[[ Information, beginning ]]

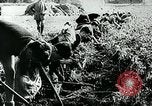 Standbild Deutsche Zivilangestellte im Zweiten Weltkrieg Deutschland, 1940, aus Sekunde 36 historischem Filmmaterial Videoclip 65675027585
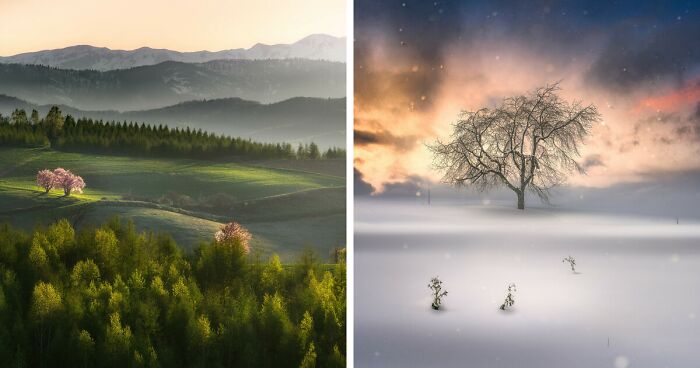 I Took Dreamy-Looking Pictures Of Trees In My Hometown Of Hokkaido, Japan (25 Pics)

[[ Information, end ]]
[[ Information, beginning ]]

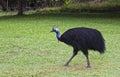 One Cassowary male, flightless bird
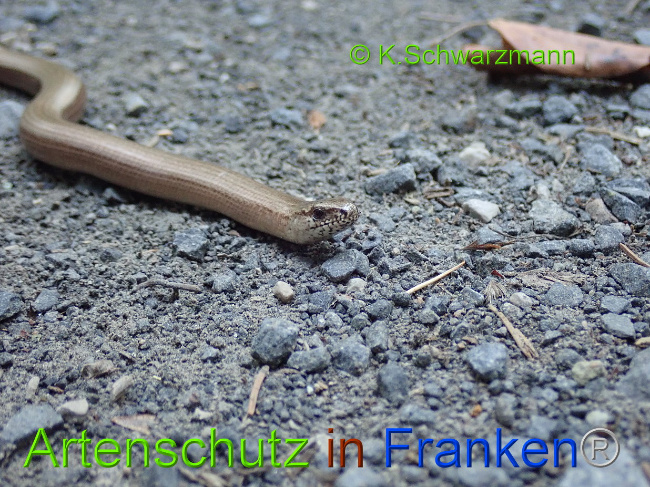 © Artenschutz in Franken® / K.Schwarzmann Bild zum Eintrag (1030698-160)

[[ Information, end ]]

**Work instructions**: Extract the part of the records that opens with the line containing "Standbild Deutsche Zivilangestellte" and closes with the line containing "I Took Dreamy-Looking". Take only those lines, exactly, and no pictures.

**Result for this task**:
 Standbild Deutsche Zivilangestellte im Zweiten Weltkrieg Deutschland, 1940, aus Sekunde 36 historischem Filmmaterial Videoclip 65675027585
 I Took Dreamy-Looking Pictures Of Trees In My Hometown Of Hokkaido, Japan (25 Pics)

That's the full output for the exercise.